In der Tat: bei der Vision vom Untergang des Tempels und des Volkes in 9, 1 ff. und bei den Leichen, die in 8, 3 „überall hingeworfen“ werden, wären wahrscheinlich auch Kinder dabei gewesen – obwohl das nicht ausdrücklich so gesagt wird.
Du sprichst, glaube ich, einen zentralen Punkt an: Kinder sterben. Auf der ganzen Welt. Heute, gestern und natürlich auch zu Amos´ Zeiten. Kein Mensch hat das je verstanden. Kein Mensch wird das verstehen. Und Amos erweckt den Eindruck, als würde sein Gott auch noch vorsätzlich zum Schlag ausholen…

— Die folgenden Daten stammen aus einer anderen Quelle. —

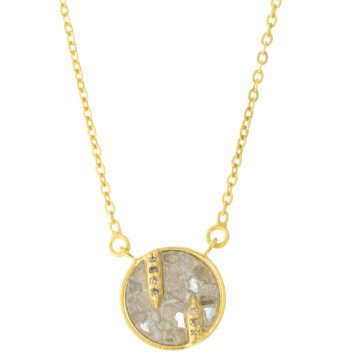 Shana Gulati:BATTICE Pendant necklaceSliced raw uncut diamonds, White Resin, Pave champagne diamonds, Vermeil 18K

Nehmen wir mal an, es wäre nicht so. Zum Beispiel weil Gott nicht so handeln darf, wie Amos hier glauben machen will. In diesem Fall würden Kinder ja trotzdem sterben. Was ist dann mit Gott? Sieht er dabei zu? Oder hat er, im Gegenteil, alle Hände voll zu tun? Kann sich nicht um alles gleichzeitig kümmern, oder muss vielleicht ständig größeres und schlimmeres Unheil verhindern? Ich habe arge Zweifel, ob ein passiver oder vielbeschäftigter Gott für uns leichter verstehbar ist.
Amos jedenfalls hätte so einen Gott nicht akzeptiert. Gottes Allmacht steht für ihn außer Frage. Deshalb, vermute ich, dreht er den Spieß um: ja, Erdbeben sind eine Strafe Gottes, und, ja, wenn dabei Kinder sterben, ist das kein blinder Zufall und kein Defekt am großen Schaltpult, sondern Gottes Wille. So sieht Amos die Welt und das ist erst einmal ein furchtbarer und wenig akzeptabler Gedanke.
Aber wozu das Ganze? Nach der Gleichung, die Amos hier aufmacht, steht am Ende von jedem Tun und jedem Nichttun: eine Folge. Euer Handeln, sagt Amos seinen Zeitgenossen, hat Konsequenzen. Ob ihr Waisenhäuser baut, oder Wagenburgen, ist dem Chef nicht egal. Und was ein einzelner tut, hat immer irgendwie auch Auswirkungen auf alle.
Nehmen wir mal an, Amos´ Publikum hätte das von heute auf morgen ebenso gesehen. Und sich nach den von ihm propagierten Geboten der Menschlichkeit, Brüderlichkeit und Fairness gerichtet. - Vermutlich bräuchte man sich dann mit 2/3 der aufgezählten Menschheitsgeißeln nicht mehr groß befassen: kein Krieg, keine Plünderung, keine Ausbeutung und, natürlich, keine Tötung unschuldiger Kinder mehr. Eine feine Sache also.
@ Magna Mater – ich weiß, die Lämmer und das Erdbeben… Und dann der Vergleich mit den Ayathollas … der macht mir noch ein wenig zu schaffen. Da muss ich erst nochmal gründlich nachdenken.